◆ **YOUR INSTRUCTIONS**
Below are the records; give again exactly the lines from the one containing "Blue acrylic knit" through the one containing "不健康的有害食物黄色美味的土", leaving out pictures.

- Opening Delimiter -

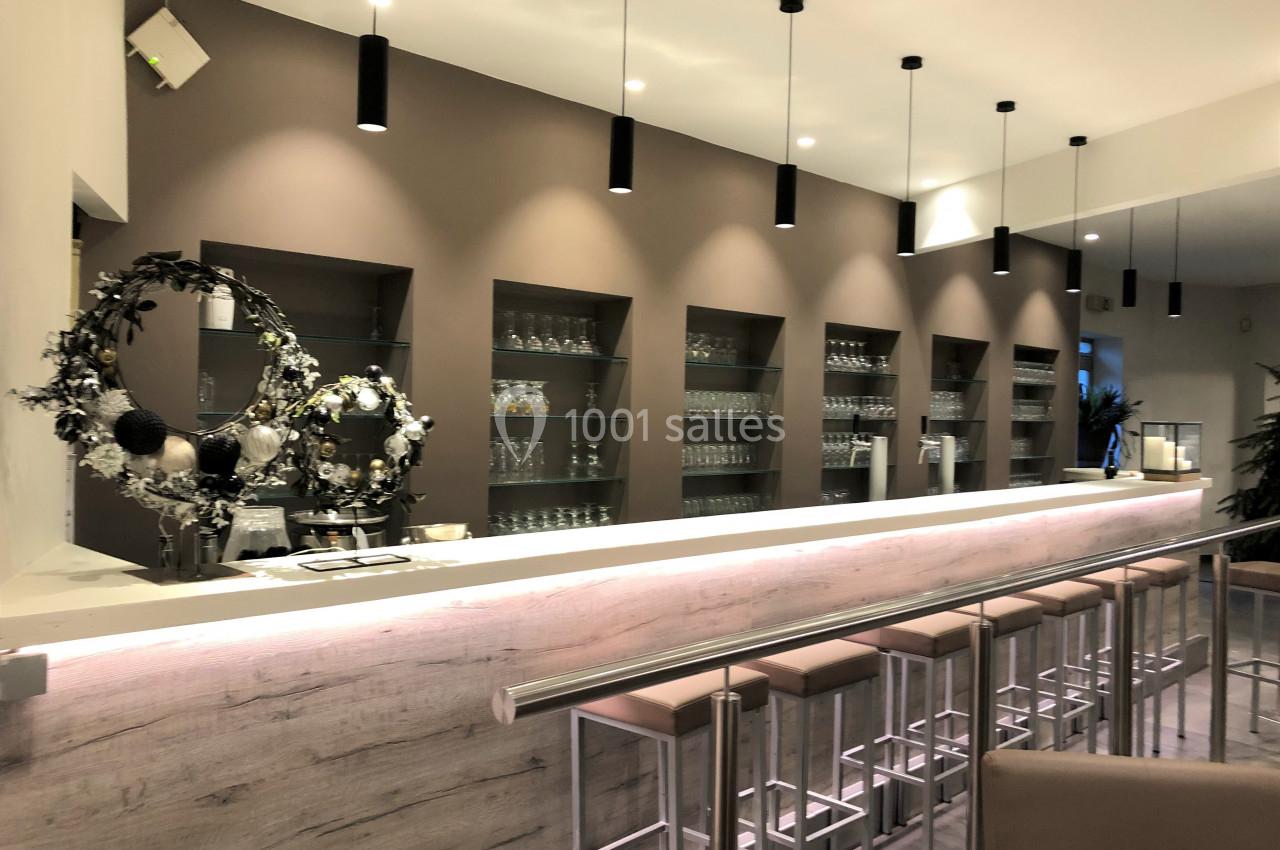 Intérieur d'un bar moderne avec comptoir éclairé, tabourets alignés et étagères remplies de verres en arrière-plan.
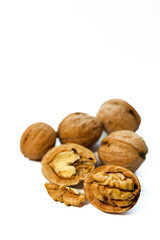 Whole and peeled brown walnuts on the white background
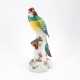 LARGE PORCELAIN PARROT SITTING ON TREE TRUNK WITH CHERRY - Foto 1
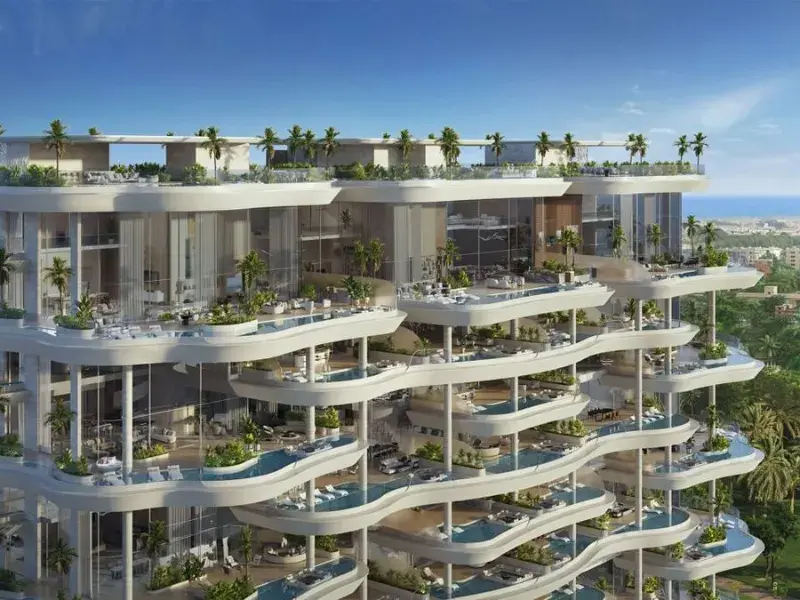 Ultra luxury apartments in Noida featuring expansive balconies, modern glass facade and premium lifestyle amenities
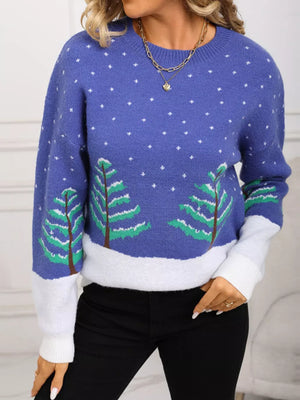 Blue acrylic knit sweater with white snow and evergreen tree pattern, crew neck, color block sleeves.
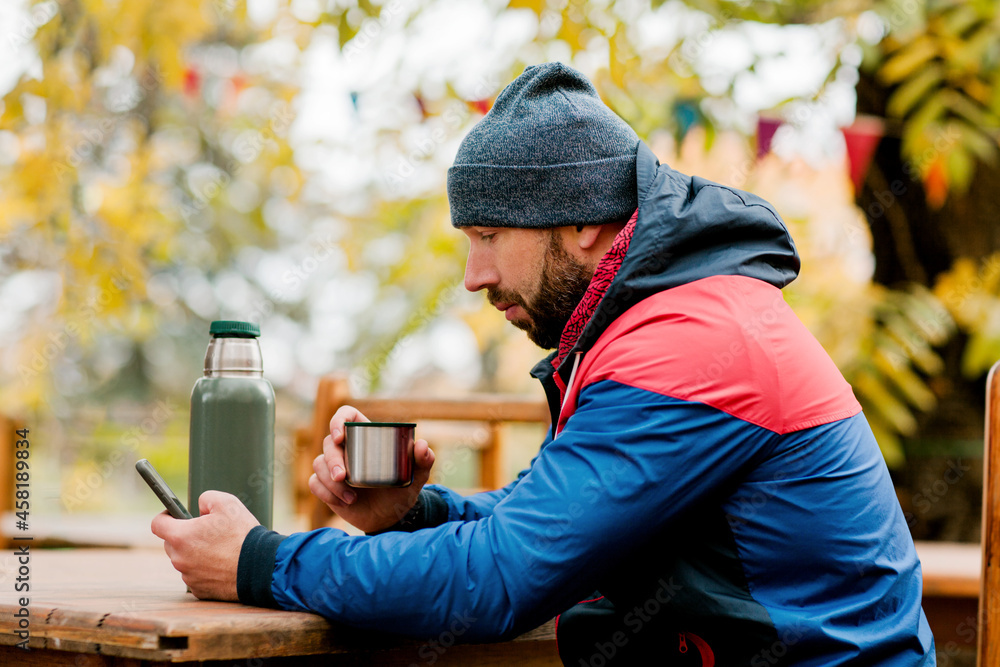 A young man using a mobile phone is sitting outdoors in a cafe or restaurant on an autumn day, drinking a hot drink, resting while walking A young man using a mobile phone is sitting outdoors in a cafe or restaurant on an autumn day, drinking a hot drink, resting while walking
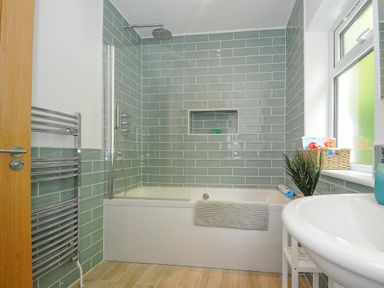 A bathroom with a bathtub and shower with green tiles on the walls and a window with plants at Anjoma in Looe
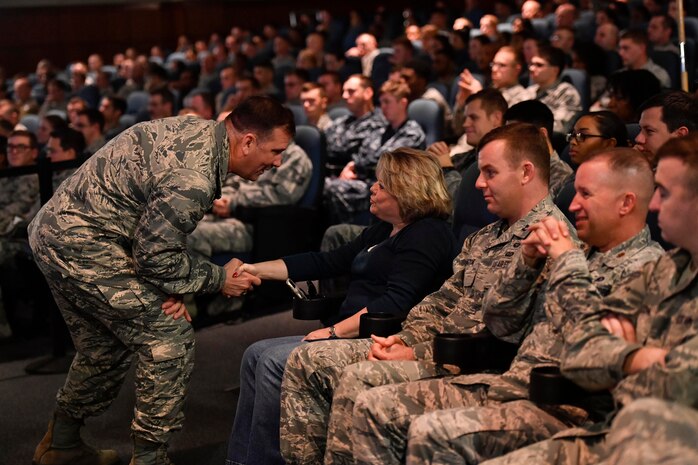 Maj. Gen. Christopher J. Bence, U.S. Air Force Expeditionary Center commander, greets members of Team Charleston during an All Call at the Base Theater here, Dec. 15, 2016. While at Joint Base Charleston, Bence toured Team Charleston's facilities to get a first-hand look at joint operations.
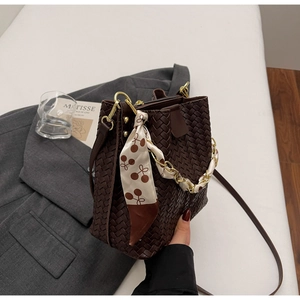 Détail du sac seau tressé marron foncé avec foulard cerise et poignée en chaîne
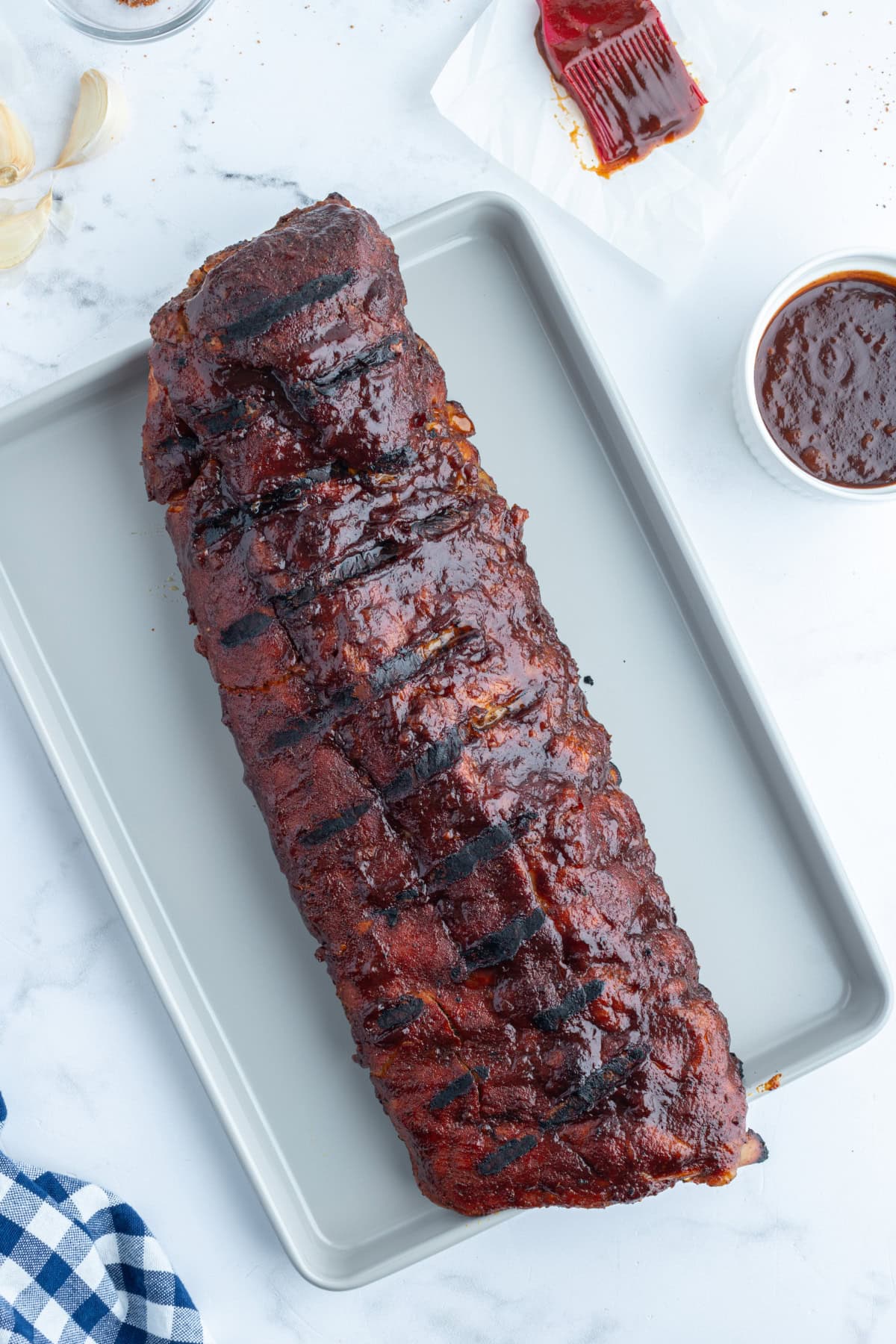 kansas city style ribs slab on a baking sheet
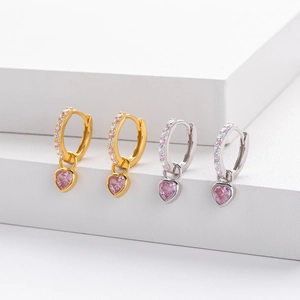Close-up of heart-shaped pink zircon earrings in gold and silver finish with micro-pavé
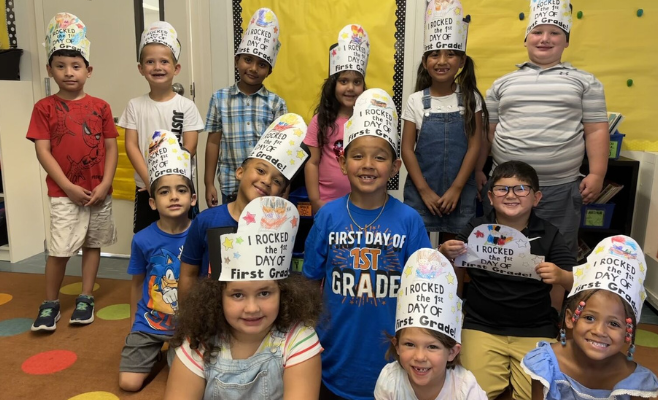 kids posing for a photo wearing crowns that says we rocked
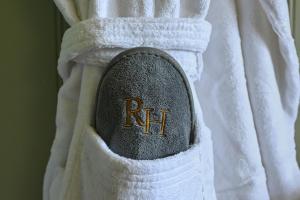 a towel with the rtk on the side of a robe at Renvyle House Hotel & Resort in Renvyle
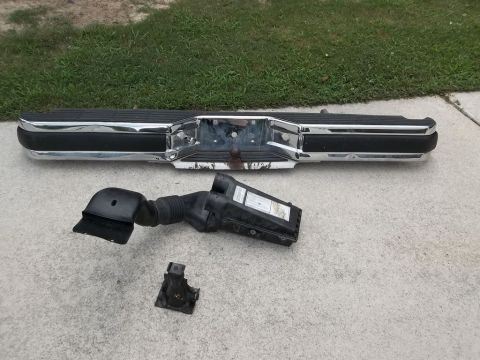 1995 Ford Bronco - Parts from a 1995 Ford Bronco, including the rear bumper and air intake system.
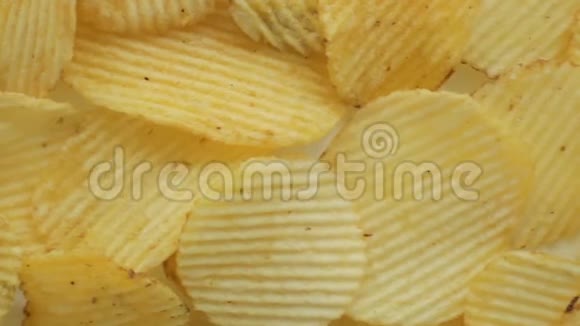 不健康的有害食物黄色美味的土豆肋脆片随机躺在白色的桌子背景上特写镜头m视频的预览图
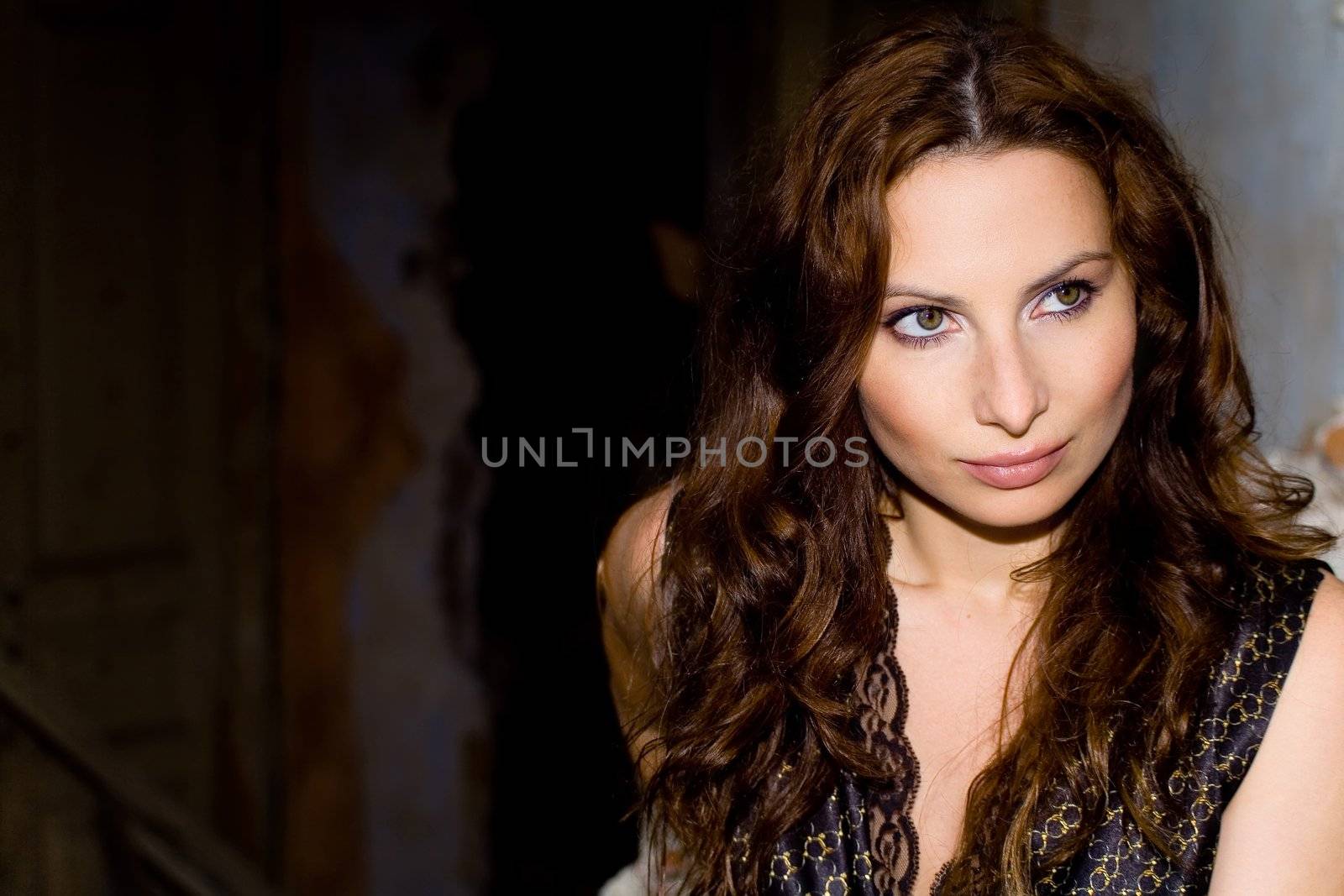 Portrait of glam girl with curly on ruins background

- Closing Delimiter -

◆ **REPLY TO THE TASK**
 Blue acrylic knit sweater with white snow and evergreen tree pattern, crew neck, color block sleeves.
 A young man using a mobile phone is sitting outdoors in a cafe or restaurant on an autumn day, drinking a hot drink, resting while walking A young man using a mobile phone is sitting outdoors in a cafe or restaurant on an autumn day, drinking a hot drink, resting while walking
 A bathroom with a bathtub and shower with green tiles on the walls and a window with plants at Anjoma in Looe
 Maj. Gen. Christopher J. Bence, U.S. Air Force Expeditionary Center commander, greets members of Team Charleston during an All Call at the Base Theater here, Dec. 15, 2016. While at Joint Base Charleston, Bence toured Team Charleston's facilities to get a first-hand look at joint operations.
 Détail du sac seau tressé marron foncé avec foulard cerise et poignée en chaîne
 kansas city style ribs slab on a baking sheet
Close-up of heart-shaped pink zircon earrings in gold and silver finish with micro-pavé
 kids posing for a photo wearing crowns that says we rocked
 a towel with the rtk on the side of a robe at Renvyle House Hotel & Resort in Renvyle
 1995 Ford Bronco - Parts from a 1995 Ford Bronco, including the rear bumper and air intake system.
 不健康的有害食物黄色美味的土豆肋脆片随机躺在白色的桌子背景上特写镜头m视频的预览图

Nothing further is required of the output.